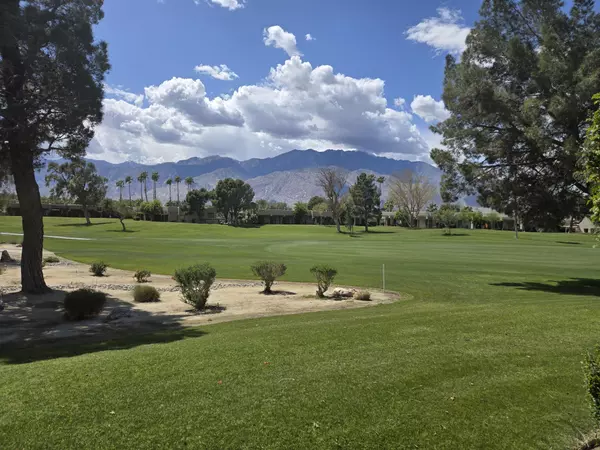 Cathedral City, CA 92234,28667 Taos CT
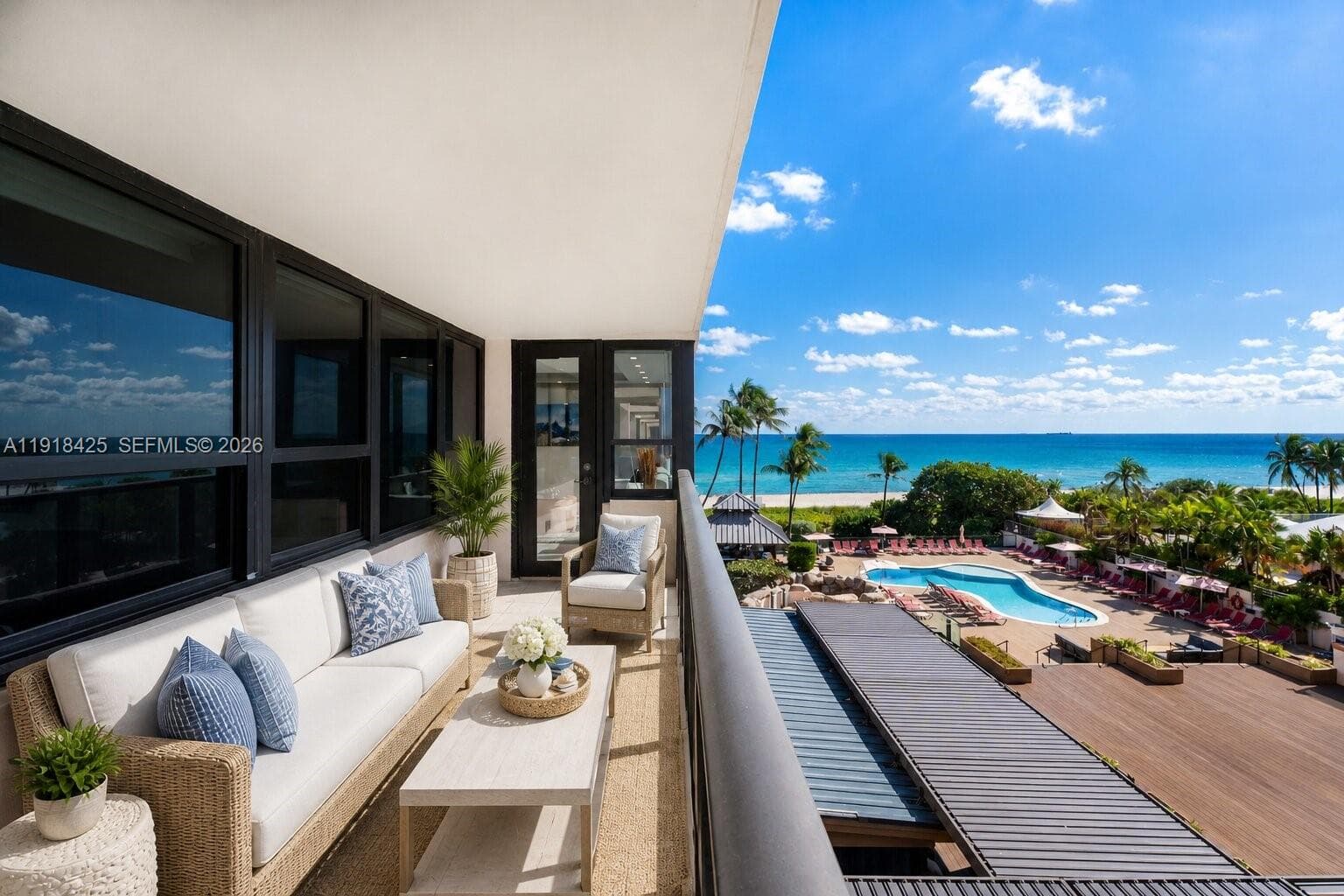 A11918425 — Miami Beach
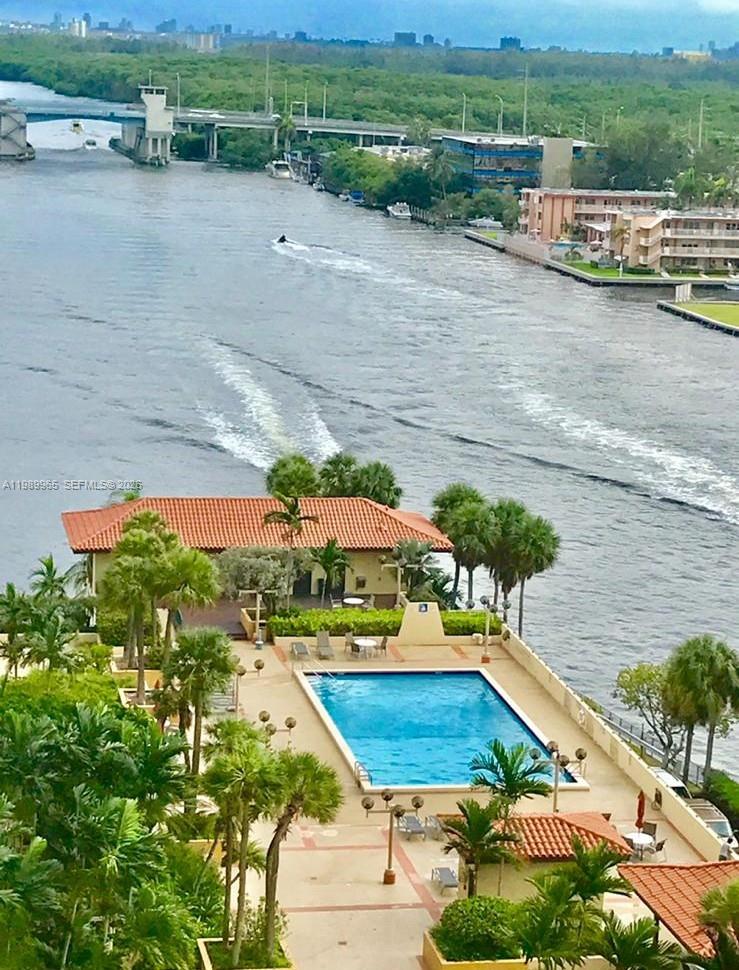 image Winston Towers 70014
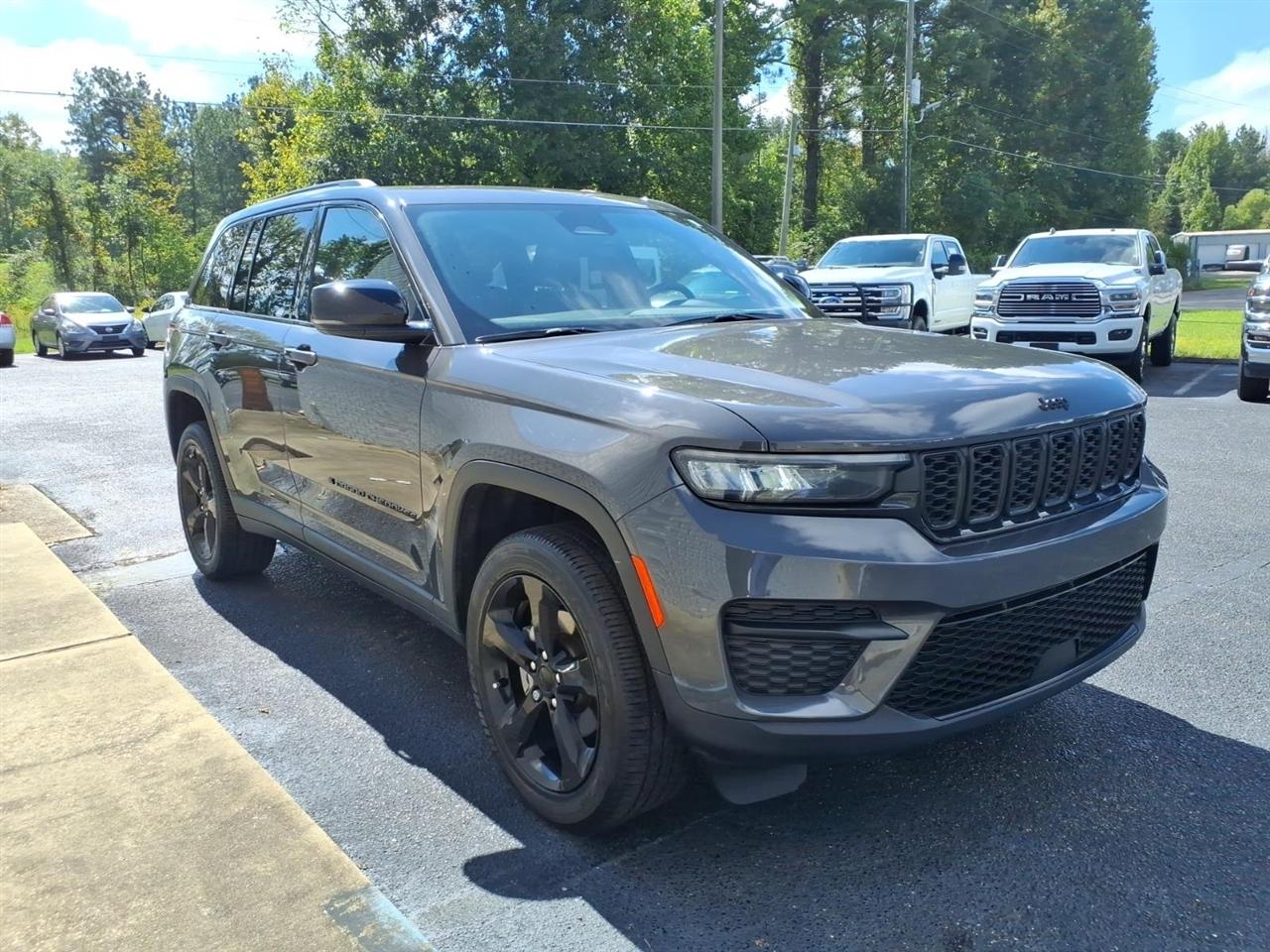 Jeep Grand Cherokee  2025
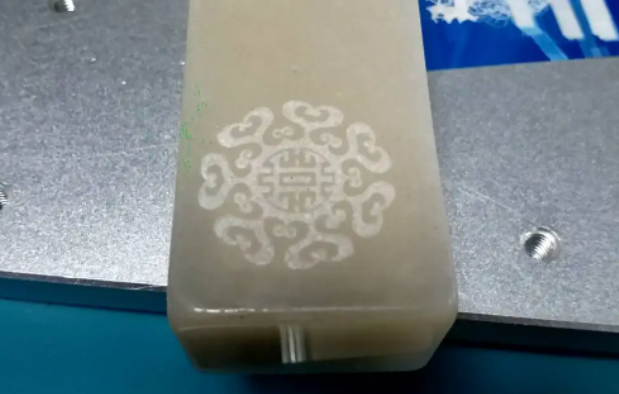 玉石激光打標(biāo)機(jī)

Work to complete :: Could you set down exactly, and only, the lines from the line containing "A11918425 — Miami Beach" through the last line of the records, both included, without the pictures?

Response to the exercise ::
 A11918425 — Miami Beach
 image Winston Towers 70014
 Jeep Grand Cherokee  2025
 玉石激光打標(biāo)機(jī)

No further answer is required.